**EXERCISE DIRECTIONS:** The data below contains pictures, which are to be skipped; the lines starting at the line with "2021 ducati multistrada" and ending at the line with "Villa Lilium I Psarou (Mykonos)" are to be output exactly, both ends included.
Start of DATA FOR ANALYSIS
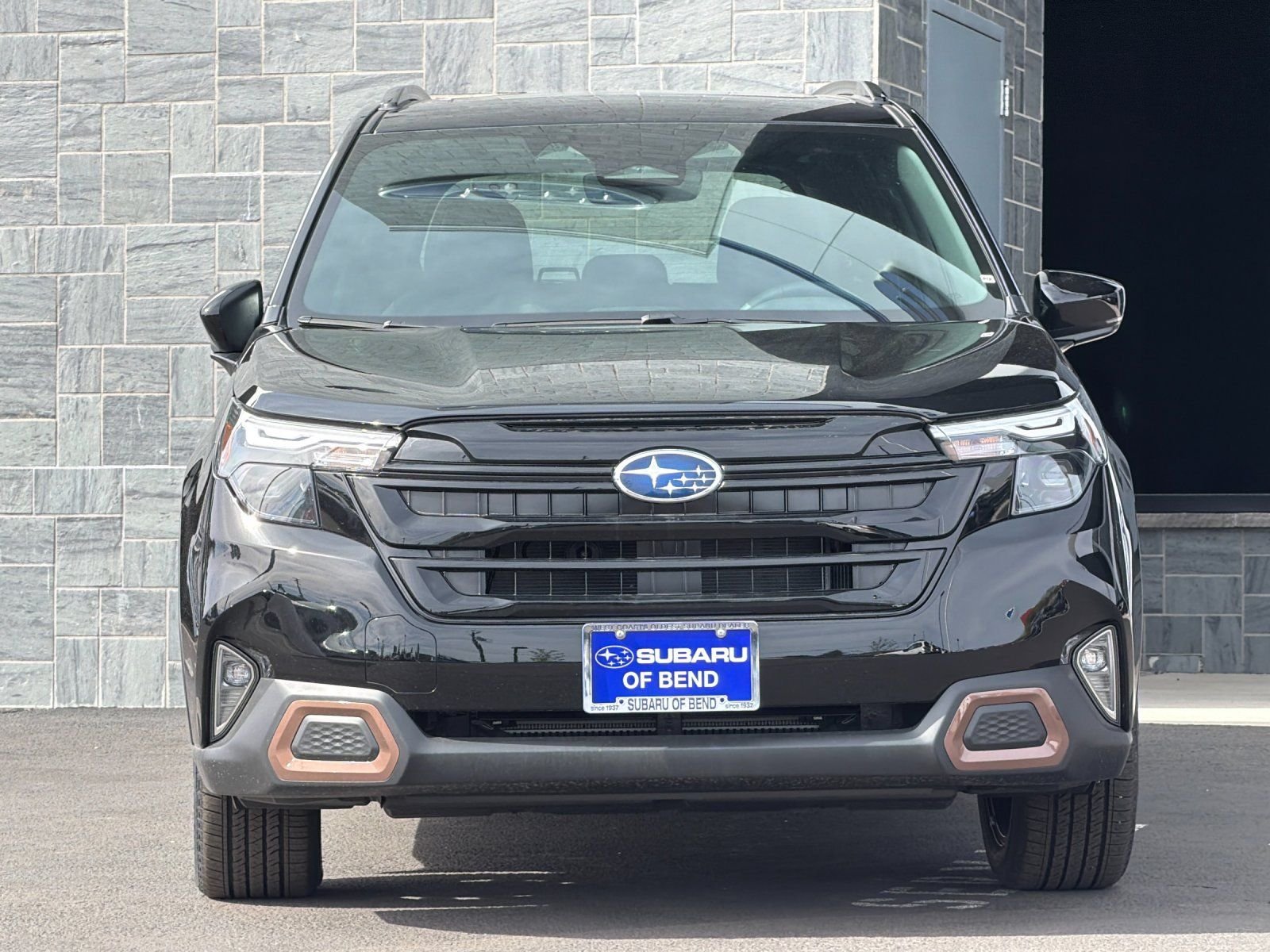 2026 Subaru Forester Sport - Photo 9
End of DATA FOR ANALYSIS
Start of DATA FOR ANALYSIS
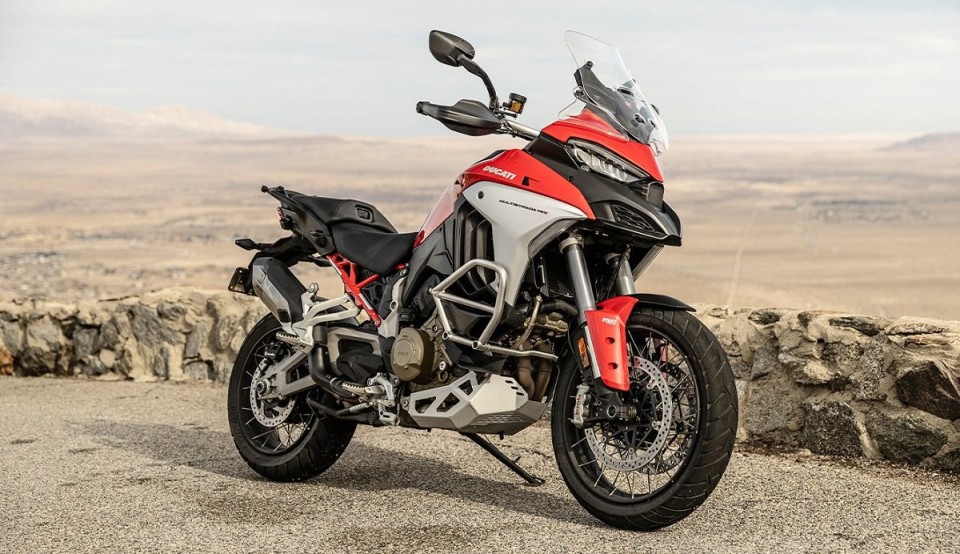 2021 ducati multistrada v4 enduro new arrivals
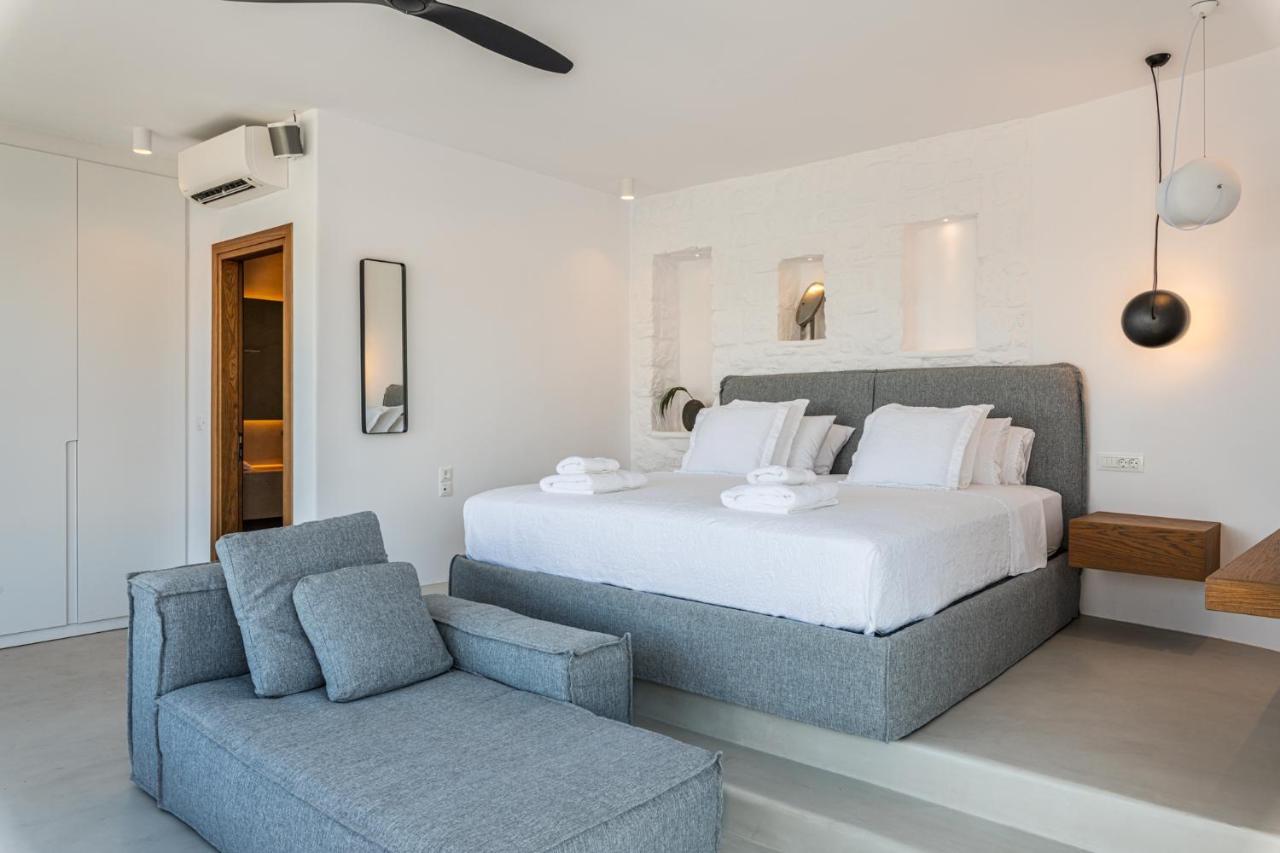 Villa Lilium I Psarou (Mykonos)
End of DATA FOR ANALYSIS
**SOLUTION FOR THIS PROBLEM:**
 2021 ducati multistrada v4 enduro new arrivals
 Villa Lilium I Psarou (Mykonos)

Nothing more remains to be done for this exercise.